Re: Mismatch between CSS and web-platform-tests semantics for reftests

On 20/08/14 01:22, Peter Linss wrote:

>> Are these features something that any actual implementation is 
>> running? As far as I can tell from the documentation, Mozilla 
>> reftests don't support this feature, and I guess from Dirke's 
>> response that Blink/WebKit reftests don't either. That doesn't 
>> cover all possible implementations of course.
> 
> I'm actually in the middle of a big cleanup of our test harness and
> it will support this feature when I'm done (so far we haven't been
> able to represent the situation in our manifest files properly, I'm
> fixing that too).

So I was looking at adding this to web-platform-tests and the current
design adds some non-trivial complexity. As background,
web-platform-tests uses a script to auto-generate a manifest file with
the test files themselves being the only required input. This is
rather slow, since it involves actually parsing the *ML files and
inspecting their DOM. Therefore it is important to be able to perform
incremental updates.

Currently it is always possible to examine a single file and determine
what type of thing it represents (script test, reftest, manual test,
helper file, etc.). For example reftests are identified as files with
a <link rel=[mis]match> element. Since (unlike in CSS) tests in
general are not required to contain any extra metadata, allowing
references to link to other references introduces a problem because
determining whether a file is a reference or a test now requires
examining the entire chain, not just one file.

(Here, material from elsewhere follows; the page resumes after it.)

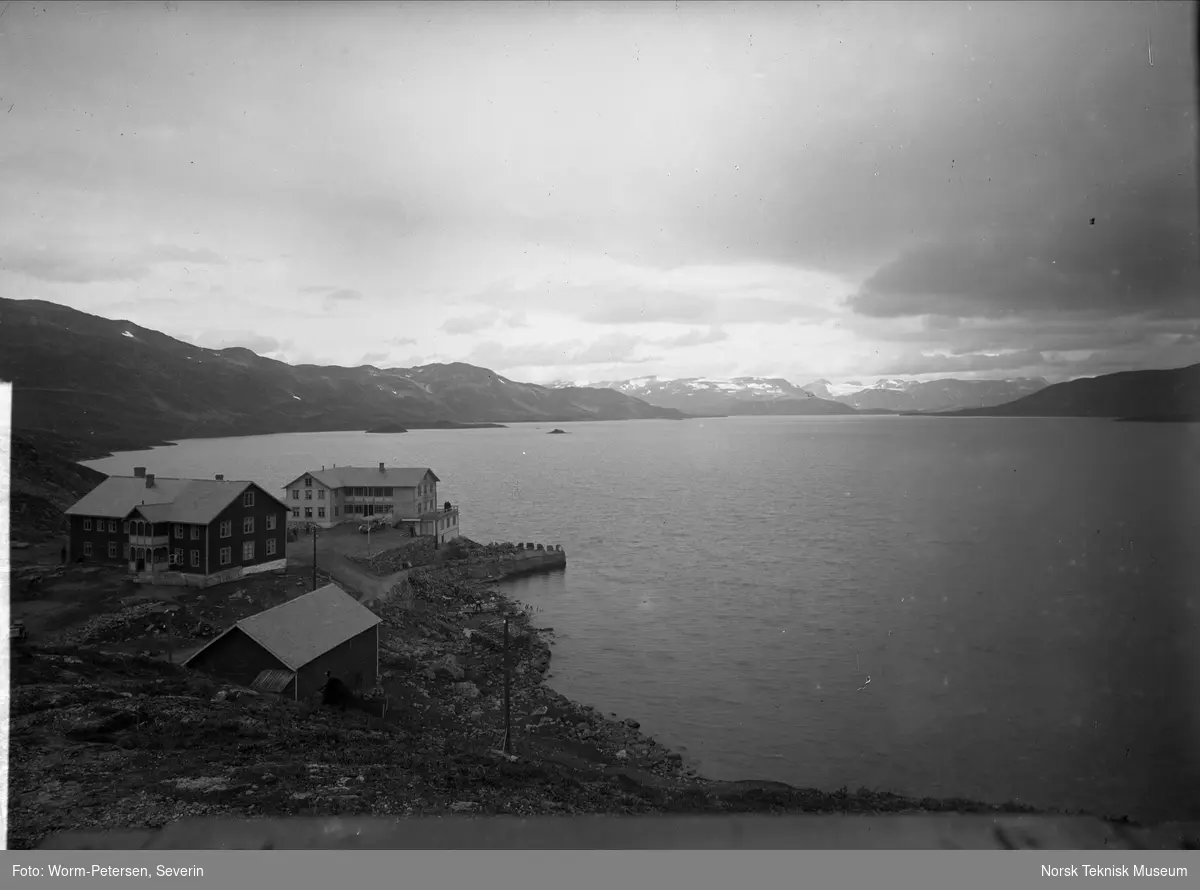 Landskap i Jotunheimen, Tyin med Framnes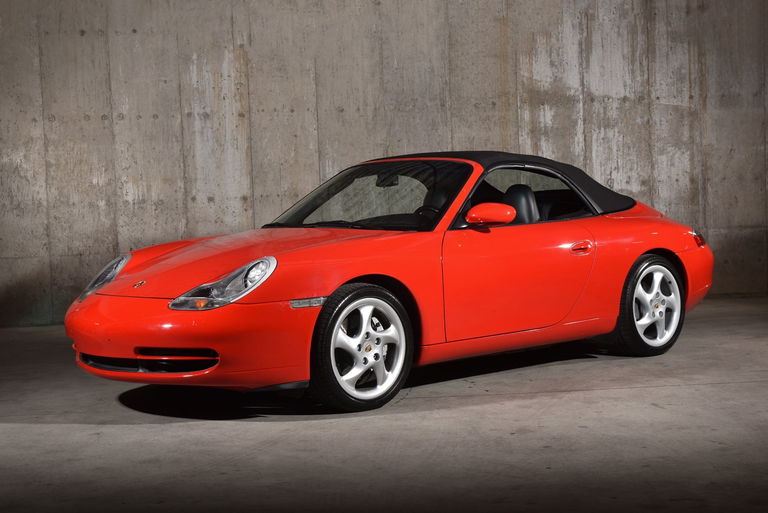 Porsche 996 Carrera 4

Obviously this isn't impossible to implement. It's just more
complicated than anything else in the manifest generation, all in
order to support a rarely-used feature. Are the benefits of the
approach where the data is distributed across many files really great
enough, compared to an alternate design where we put all the data
about the references in the test itself, to justify the extra
implementation burden? As far as I can tell the main benefit is that
if two tests share the same reference they get the same full chain of
references automatically rather than having to copy between files.